Vitamin D Receptor Polymorphisms Are Associated with Reduced Esophageal Vitamin D Receptor Expression and Reduced Esophageal Adenocarcinoma Risk.

作者信息

Janmaat Vincent T, Van De Winkel Anouk, Peppelenbosch Maikel P, Spaander Manon C W, Uitterlinden André G, Pourfarzad Farzin, Tilanus Hugo W, Rygiel Agnieszka M, Moons Leon M G, Arp Pascal P, Krishnadath Kausilia K, Kuipers Ernst J, Van Der Laan Luc J W

机构信息

Department of Gastroenterology and Hepatology, Erasmus MC-University Medical Center, Rotterdam, the Netherlands.

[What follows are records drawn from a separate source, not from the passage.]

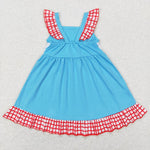 blue red i love mom embroidery dress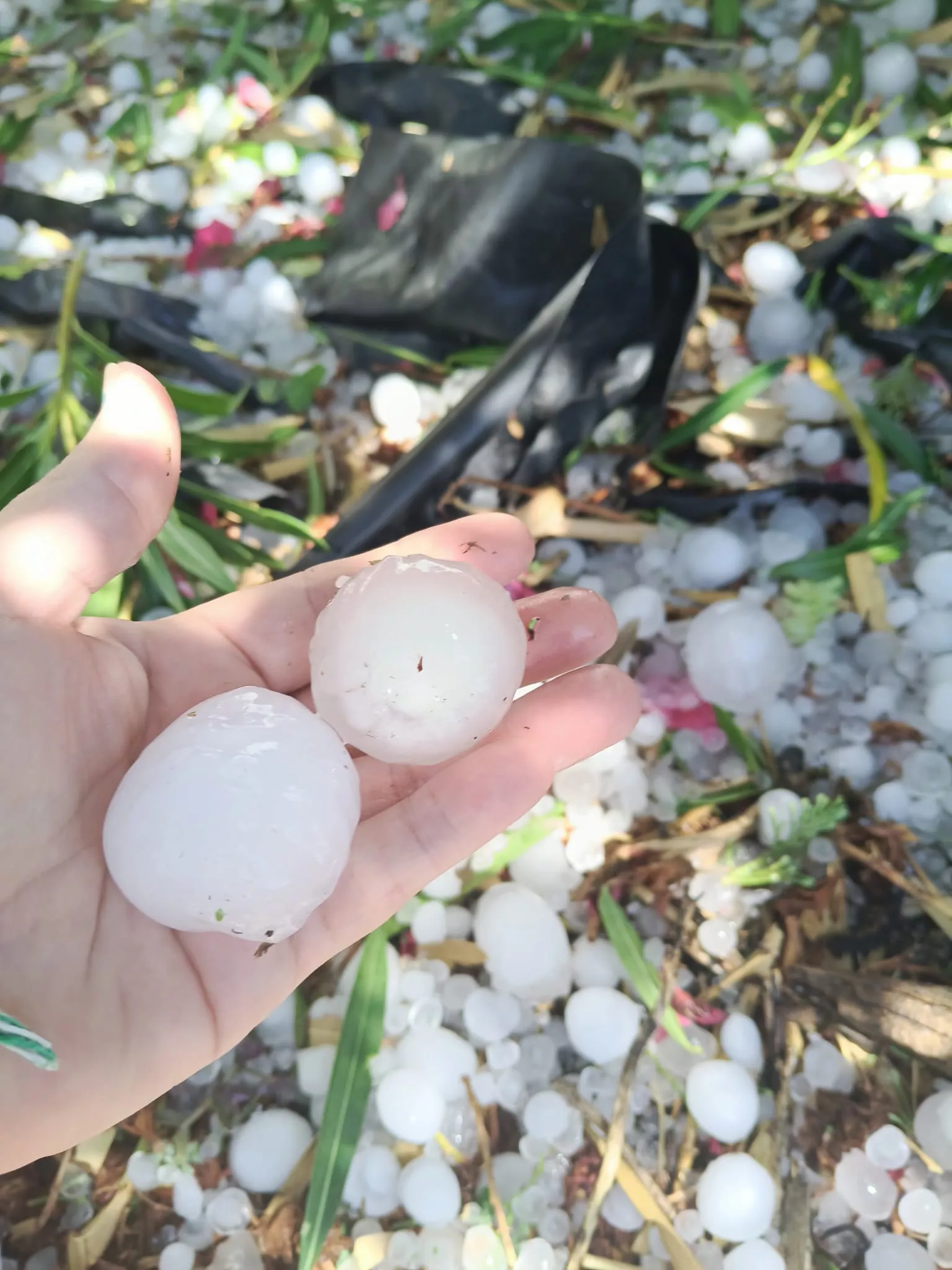 Granizo en Montmesa y el Golf de Guara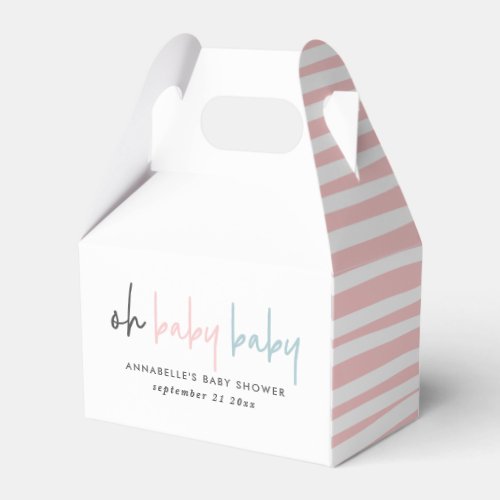 Blue pink twin baby shower party typography modern favor boxes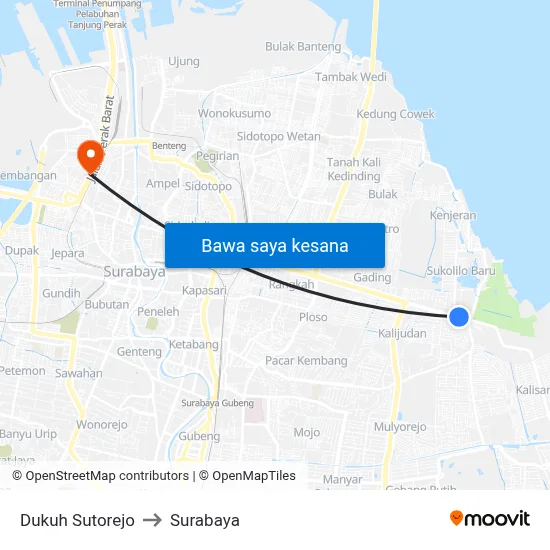 Dukuh Sutorejo to Surabaya map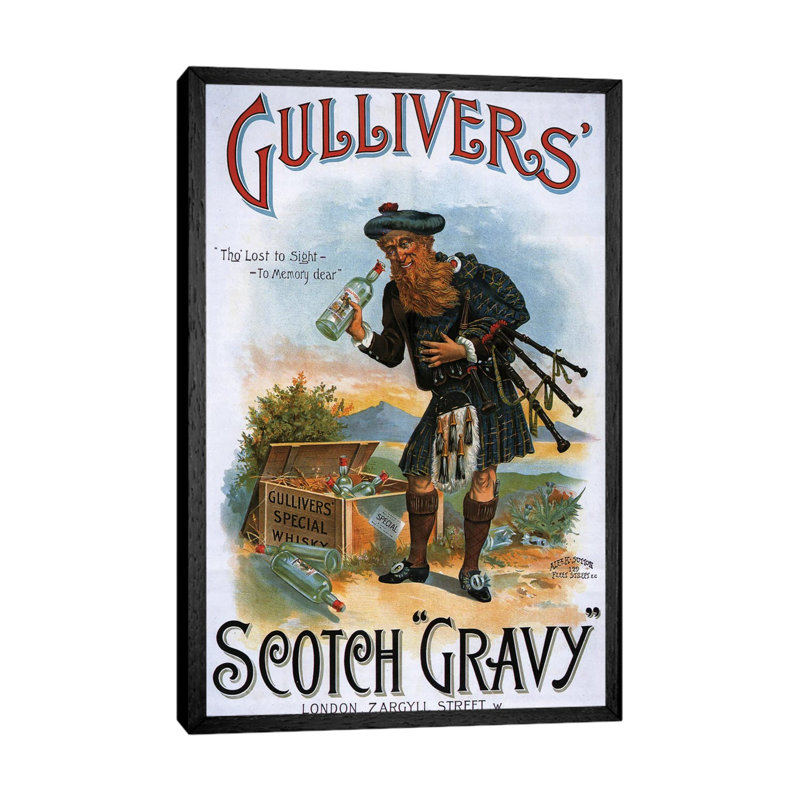 1899 Gulliver's Whisky - Print on Canvas, 66.04 cm H x 45.72 cm W, Black Framed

Department of Internal Medicine, Epidemiology and Clinical Chemistry, Erasmus MC-University Medical Center, Rotterdam, the Netherlands.

出版信息

Mol Med. 2015 Apr 21;21(1):346-54. doi: 10.2119/molmed.2012.00336.

Abstract

Epidemiological studies indicate that vitamin D exerts a protective effect on the development of various solid cancers. However, concerns have been raised regarding the potential deleterious role of high vitamin D levels in the development of esophageal adenocarcinoma (EAC). This study investigated genetic variation in the vitamin D receptor (VDR) in relation to its expression and risk of Barrett esophagus (BE) and EAC. VDR gene regulation was investigated by immunohistochemistry, reverse transcriptase-polymerase chain reaction (RT-PCR) and gel shift assays. Fifteen haplotype tagging single-nucleotide polymorphisms (SNPs) of the VDR gene were analyzed in 858 patients with reflux esophagitis (RE), BE or EAC and 202 healthy controls. VDR mRNA expression was higher in BE compared with squamous epithelium. VDR protein was located in the nucleus in BE. An rs1989969T/rs2238135G haplotype was identified in the 5' regulatory region of the VDR gene. It was associated with an approximately two-fold reduced risk of RE, BE and EAC. Analysis of a replication cohort was done for BE that confirmed this. The rs1989969T allele causes a GATA-1 transcription factor binding site to appear. The signaling of GATA-1, which is regarded as a negative transcriptional regulator, could explain the findings for rs1989969. The rs2238135G allele was associated with a significantly reduced VDR expression in BE; for the rs1989969T allele, a trend in reduced VDR expression was observed. We identified a VDR haplotype associated with reduced esophageal VDR expression and a reduced incidence of RE, BE and EAC. This VDR haplotype could be useful in identifying individuals who benefit most from vitamin D chemoprevention.

摘要

流行病学研究表明,维生素D对多种实体癌的发生具有保护作用。然而,高维生素D水平在食管腺癌(EAC)发生中的潜在有害作用引发了关注。本研究调查了维生素D受体(VDR)的基因变异与其表达以及巴雷特食管(BE)和EAC风险之间的关系。通过免疫组织化学、逆转录聚合酶链反应(RT-PCR)和凝胶迁移试验研究了VDR基因调控。在858例反流性食管炎(RE)、BE或EAC患者以及202名健康对照中分析了VDR基因的15个单倍型标签单核苷酸多态性(SNP)。与鳞状上皮相比,BE中的VDR mRNA表达更高。VDR蛋白位于BE的细胞核中。在VDR基因的5'调控区鉴定出一种rs1989969T/rs2238135G单倍型。它与RE、BE和EAC风险降低约两倍相关。对BE进行了复制队列分析,证实了这一点。rs1989969T等位基因导致一个GATA-1转录因子结合位点出现。被视为负转录调节因子的GATA-1信号传导可以解释rs1989969的研究结果。rs2238135G等位基因与BE中VDR表达显著降低相关;对于rs1989969T等位基因,观察到VDR表达降低的趋势。我们鉴定出一种与食管VDR表达降低以及RE、BE和EAC发病率降低相关的VDR单倍型。这种VDR单倍型可能有助于识别从维生素D化学预防中获益最大的个体。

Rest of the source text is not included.